## INFORMATION GIVEN

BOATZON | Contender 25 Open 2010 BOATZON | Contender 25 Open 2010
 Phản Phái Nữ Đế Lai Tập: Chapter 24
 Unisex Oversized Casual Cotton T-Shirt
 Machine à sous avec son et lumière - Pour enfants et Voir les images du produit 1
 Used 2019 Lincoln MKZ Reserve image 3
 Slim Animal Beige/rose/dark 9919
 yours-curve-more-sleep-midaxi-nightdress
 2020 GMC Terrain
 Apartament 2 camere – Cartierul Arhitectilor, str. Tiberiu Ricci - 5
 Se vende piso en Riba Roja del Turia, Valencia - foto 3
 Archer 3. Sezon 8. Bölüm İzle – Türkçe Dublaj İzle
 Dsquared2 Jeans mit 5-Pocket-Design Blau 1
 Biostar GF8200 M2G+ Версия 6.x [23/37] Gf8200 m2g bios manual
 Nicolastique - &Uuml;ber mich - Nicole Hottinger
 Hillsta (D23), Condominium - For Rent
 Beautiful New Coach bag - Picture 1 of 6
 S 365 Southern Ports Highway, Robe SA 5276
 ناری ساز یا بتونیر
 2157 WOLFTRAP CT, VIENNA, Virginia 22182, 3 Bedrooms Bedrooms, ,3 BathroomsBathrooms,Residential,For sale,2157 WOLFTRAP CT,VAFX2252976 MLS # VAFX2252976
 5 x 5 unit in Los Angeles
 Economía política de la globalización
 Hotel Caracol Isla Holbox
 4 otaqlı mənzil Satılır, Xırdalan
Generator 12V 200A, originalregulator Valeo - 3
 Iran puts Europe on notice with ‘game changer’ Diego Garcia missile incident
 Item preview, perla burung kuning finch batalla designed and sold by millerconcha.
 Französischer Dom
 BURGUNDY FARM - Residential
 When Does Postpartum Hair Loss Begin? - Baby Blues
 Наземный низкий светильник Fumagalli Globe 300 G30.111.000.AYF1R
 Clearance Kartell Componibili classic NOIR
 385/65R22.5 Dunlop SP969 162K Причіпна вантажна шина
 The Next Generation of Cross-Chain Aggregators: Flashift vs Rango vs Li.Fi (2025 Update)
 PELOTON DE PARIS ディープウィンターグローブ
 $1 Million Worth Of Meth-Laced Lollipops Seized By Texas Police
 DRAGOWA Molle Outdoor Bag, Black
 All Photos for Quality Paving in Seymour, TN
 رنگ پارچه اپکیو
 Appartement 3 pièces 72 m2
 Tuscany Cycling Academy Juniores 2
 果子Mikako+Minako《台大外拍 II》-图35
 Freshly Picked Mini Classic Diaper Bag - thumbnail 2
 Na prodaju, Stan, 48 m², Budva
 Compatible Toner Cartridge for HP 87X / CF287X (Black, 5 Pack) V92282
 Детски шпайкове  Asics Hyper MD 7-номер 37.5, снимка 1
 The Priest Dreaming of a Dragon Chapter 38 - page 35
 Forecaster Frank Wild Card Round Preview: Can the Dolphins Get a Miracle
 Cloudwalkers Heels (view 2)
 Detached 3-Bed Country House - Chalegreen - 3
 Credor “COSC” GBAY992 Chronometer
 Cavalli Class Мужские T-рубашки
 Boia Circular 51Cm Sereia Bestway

## DIRECTIONS FOR THIS TASK
Return all of the material exactly as written, from the first line through the last.

## REPLY
BOATZON | Contender 25 Open 2010 BOATZON | Contender 25 Open 2010
 Phản Phái Nữ Đế Lai Tập: Chapter 24
 Unisex Oversized Casual Cotton T-Shirt
 Machine à sous avec son et lumière - Pour enfants et Voir les images du produit 1
 Used 2019 Lincoln MKZ Reserve image 3
 Slim Animal Beige/rose/dark 9919
 yours-curve-more-sleep-midaxi-nightdress
 2020 GMC Terrain
 Apartament 2 camere – Cartierul Arhitectilor, str. Tiberiu Ricci - 5
 Se vende piso en Riba Roja del Turia, Valencia - foto 3
 Archer 3. Sezon 8. Bölüm İzle – Türkçe Dublaj İzle
 Dsquared2 Jeans mit 5-Pocket-Design Blau 1
 Biostar GF8200 M2G+ Версия 6.x [23/37] Gf8200 m2g bios manual
 Nicolastique - &Uuml;ber mich - Nicole Hottinger
 Hillsta (D23), Condominium - For Rent
 Beautiful New Coach bag - Picture 1 of 6
 S 365 Southern Ports Highway, Robe SA 5276
 ناری ساز یا بتونیر
 2157 WOLFTRAP CT, VIENNA, Virginia 22182, 3 Bedrooms Bedrooms, ,3 BathroomsBathrooms,Residential,For sale,2157 WOLFTRAP CT,VAFX2252976 MLS # VAFX2252976
 5 x 5 unit in Los Angeles
 Economía política de la globalización
 Hotel Caracol Isla Holbox
 4 otaqlı mənzil Satılır, Xırdalan
Generator 12V 200A, originalregulator Valeo - 3
 Iran puts Europe on notice with ‘game changer’ Diego Garcia missile incident
 Item preview, perla burung kuning finch batalla designed and sold by millerconcha.
 Französischer Dom
 BURGUNDY FARM - Residential
 When Does Postpartum Hair Loss Begin? - Baby Blues
 Наземный низкий светильник Fumagalli Globe 300 G30.111.000.AYF1R
 Clearance Kartell Componibili classic NOIR
 385/65R22.5 Dunlop SP969 162K Причіпна вантажна шина
 The Next Generation of Cross-Chain Aggregators: Flashift vs Rango vs Li.Fi (2025 Update)
 PELOTON DE PARIS ディープウィンターグローブ
 $1 Million Worth Of Meth-Laced Lollipops Seized By Texas Police
 DRAGOWA Molle Outdoor Bag, Black
 All Photos for Quality Paving in Seymour, TN
 رنگ پارچه اپکیو
 Appartement 3 pièces 72 m2
 Tuscany Cycling Academy Juniores 2
 果子Mikako+Minako《台大外拍 II》-图35
 Freshly Picked Mini Classic Diaper Bag - thumbnail 2
 Na prodaju, Stan, 48 m², Budva
 Compatible Toner Cartridge for HP 87X / CF287X (Black, 5 Pack) V92282
 Детски шпайкове  Asics Hyper MD 7-номер 37.5, снимка 1
 The Priest Dreaming of a Dragon Chapter 38 - page 35
 Forecaster Frank Wild Card Round Preview: Can the Dolphins Get a Miracle
 Cloudwalkers Heels (view 2)
 Detached 3-Bed Country House - Chalegreen - 3
 Credor “COSC” GBAY992 Chronometer
 Cavalli Class Мужские T-рубашки
 Boia Circular 51Cm Sereia Bestway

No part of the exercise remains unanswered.